PREPARATION METHOD AND APPLICATION OF MODIFIED STARCH GRAFT LACTIC ACID OLIGOMER THERMOPLASTIC COMPOSITE BACKGROUND

[0001] Technical Field

[0002] The present invention relates to a preparation method and application of a modified starch graft lactic acid oligomer thermoplastic composite, belonging to the field of degradable plastics.

[0003] Related Art

[0004] Conventional plastic products, including polyethylene (PE), polypropylene (PP) and polystyrene, have very stable properties and can exist stably in the nature for a long time. These products, referred to as white trash, are hard to degrade and have caused serious environmental pollution. As an attempt to relieve environmental pressure, the focus of research and development has now been put on biodegradable plastics.

[0005] The biodegradable plastics refer to polymer materials that can be degraded into carbon dioxide and water within fairly short time in regular environmental conditions. Common biodegradable plastics available now include: biodegradable homopolyester such as PHA, PLA, PHB, PCL and PHBV, biodegradable copolyester such as PBS and PBSA, and natural products with a polysaccharide structure such as thermoplastic starch resin (TPS) and cellulose acetate. TPS is prepared by modifying starch through esterifying, grafting and other processes. The thermoplastic starch has the advantages of low cost and complete degradation and is a preferred material for the biodegradable plastics. However, a biodegradable film made from common thermoplastic starch is used under restrictions due to the shortcomings of relatively poor mechanical properties, strong water absorbing capacity, etc.

SUMMARY

[0006] The present invention aims to provide a preparation method of a modified starch graft lactic acid oligomer thermoplastic composite.
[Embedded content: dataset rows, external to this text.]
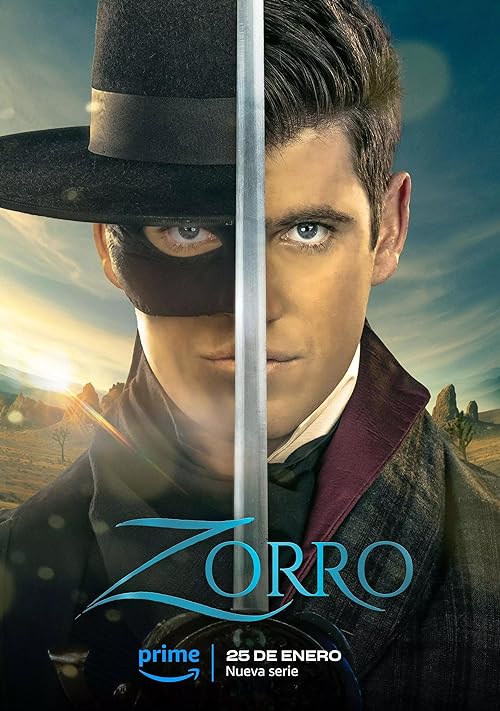 مسلسل Zorro الموسم 1 الحلقة 10 الاخيرة مترجمة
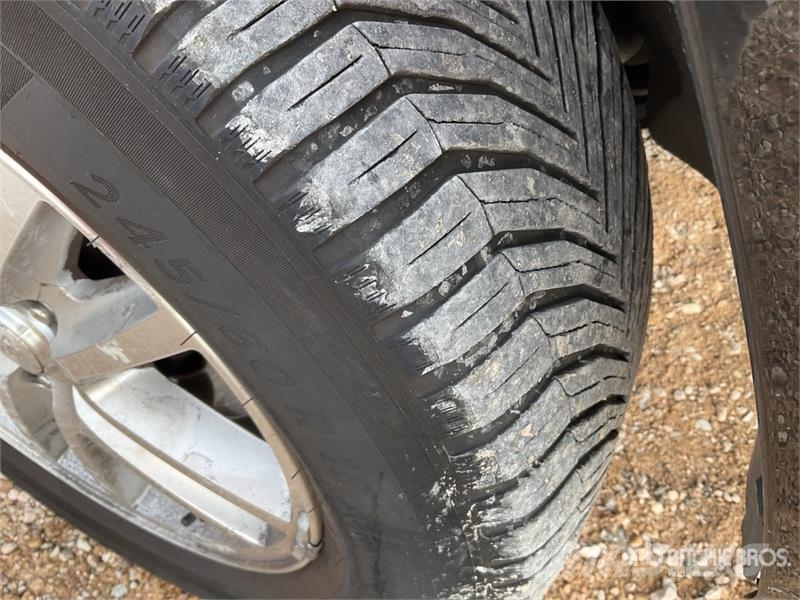 Jeep Grand Cherokee 4WD SUV Cars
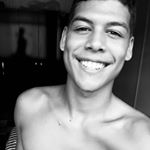 Profile Picture of Bruno Andrew (@br_andrew) on Instagram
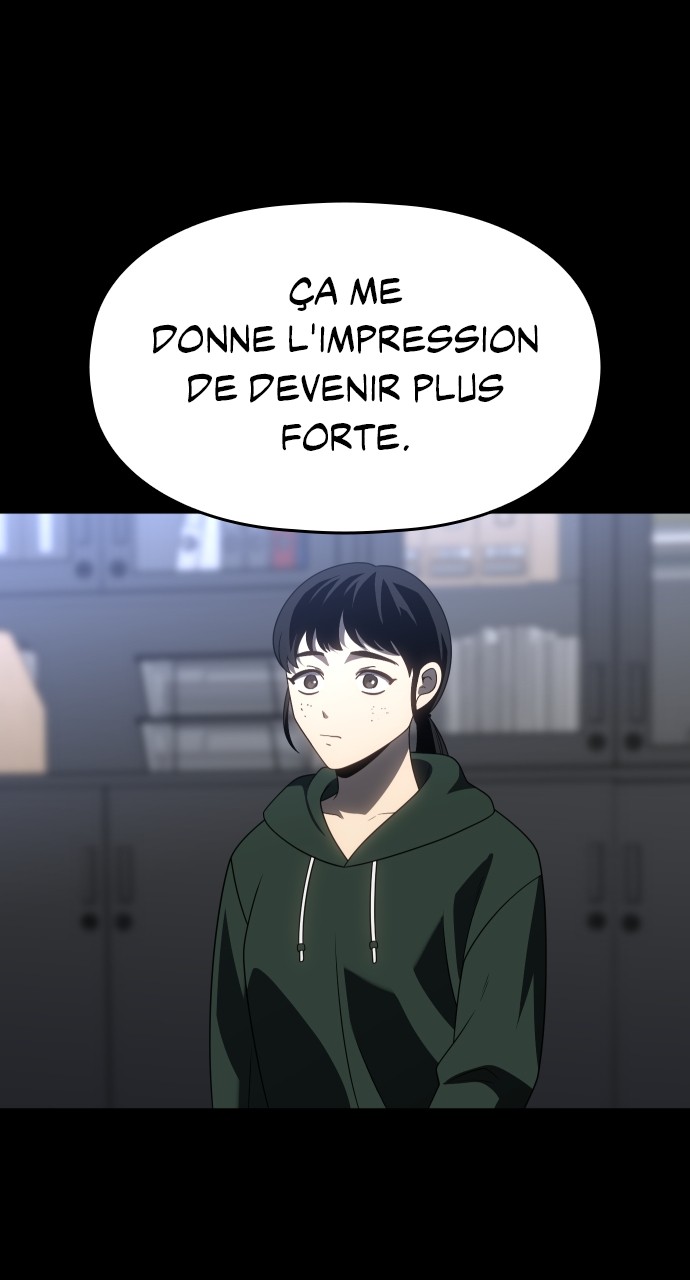 I Used To Be A Boss Chapitre 94 - Page 94
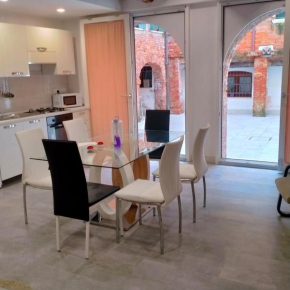 Corte Morandi Venedig
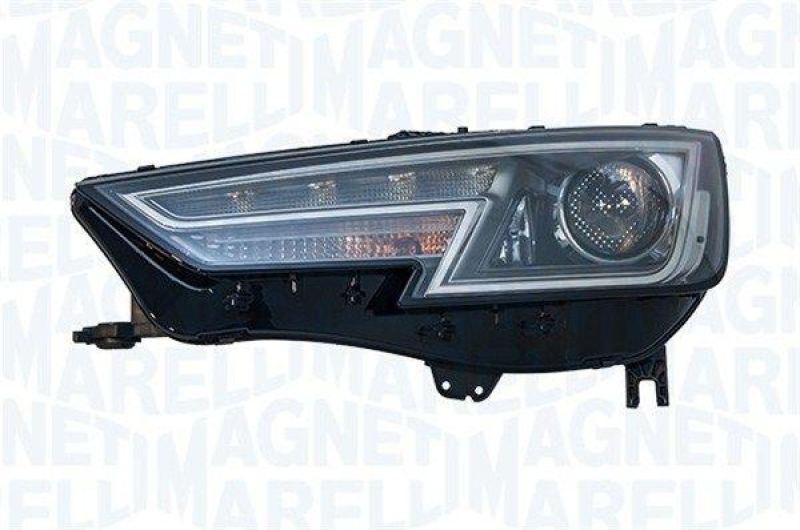 MAGNETI MARELLI Headlight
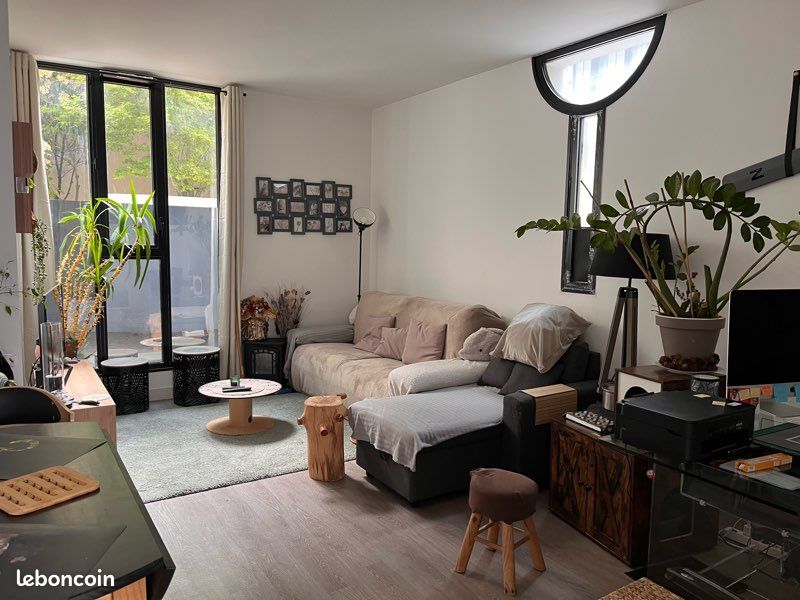 Loue agréable appartement meublé (image 1)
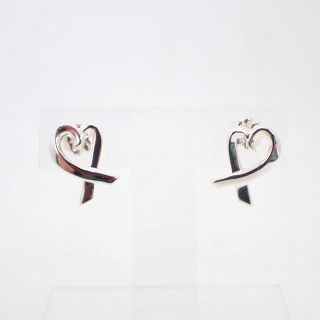 ティファニー ピアス(ハート)の通販 1,000点以上 | Tiffany & Co.の ティファニー ピアス(ハート)の通販 1,000点以上 | Tiffany & Co.の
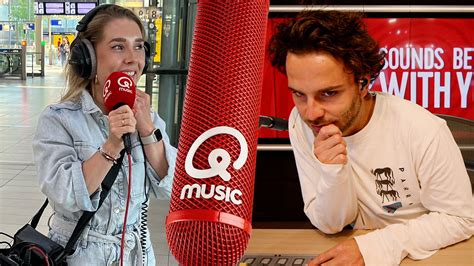 Het Geluid Weet Jij Al Wat Het Is Qmusic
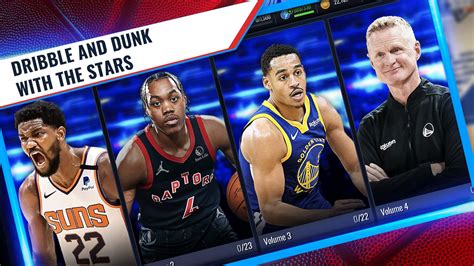 Nba Live Mobile Latest Apk Download Version 111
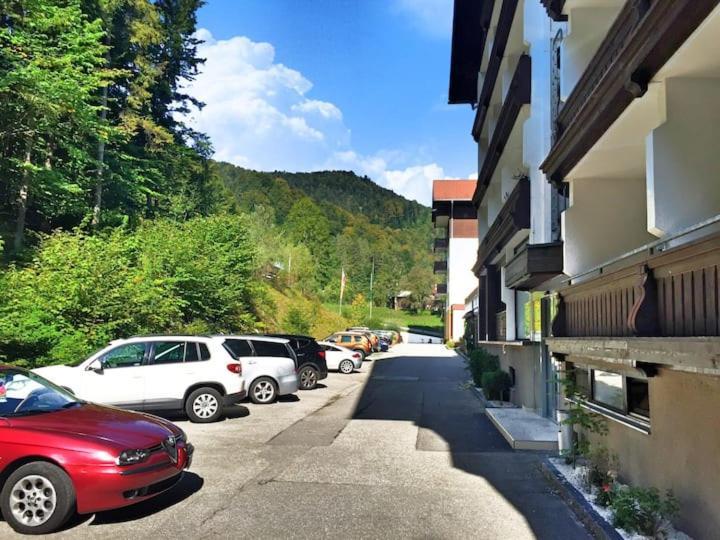 Almara - Family Apartment Bad Goisern Luaran gambar
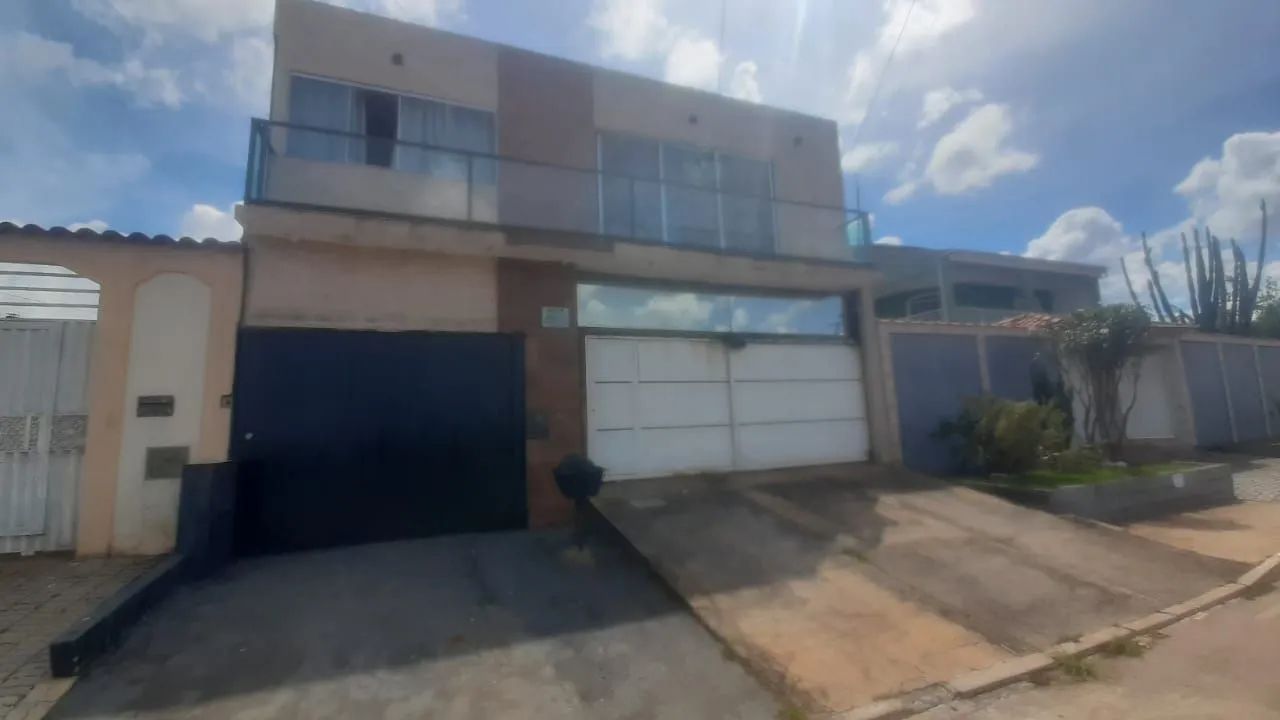 Alugo espaço direto com proprietário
The prepared material has perfect mechanical and waterproof performance.

[0007] The aim of the present invention is achieved by the following technical solution.

[0008] A preparation method of a modified starch graft lactic acid oligomer thermoplastic composite includes: (1) adding 100 parts of modified starch, 50-100 parts of lactic acid oligomer reactant, 8-15 parts of glycidyl methacrylate, 1-3 parts of citric acid and 0.5-5 parts of initiator into water and stirring evenly; performing ultrasonic dispersion to form an emulsion, then heating to 70-90°C, and further stirring for reacting for 5-12 h; (2) demulsifying the emulsion of the step (1) and drying to obtain the modified starch graft lactic acid oligomer thermoplastic composite.

[0009] Preferably, a preparation method of the modified starch includes: adding dimethylformamide and pyrrole into plant starch, and stirring for 2 h or more at -60°C; dropwise adding acryloyl chloride while stirring and further stirring for 2 h or more; adding absolute ethyl alcohol for washing, performing suction filtration, and drying to obtain the modified starch.

[0010] Preferably, 30-60 parts of dimethylformamide, 10-15 parts of pyrrole and 0.5-2 parts of acryloyl chloride are added into every 100 parts of plant starch, during preparation of the modified starch.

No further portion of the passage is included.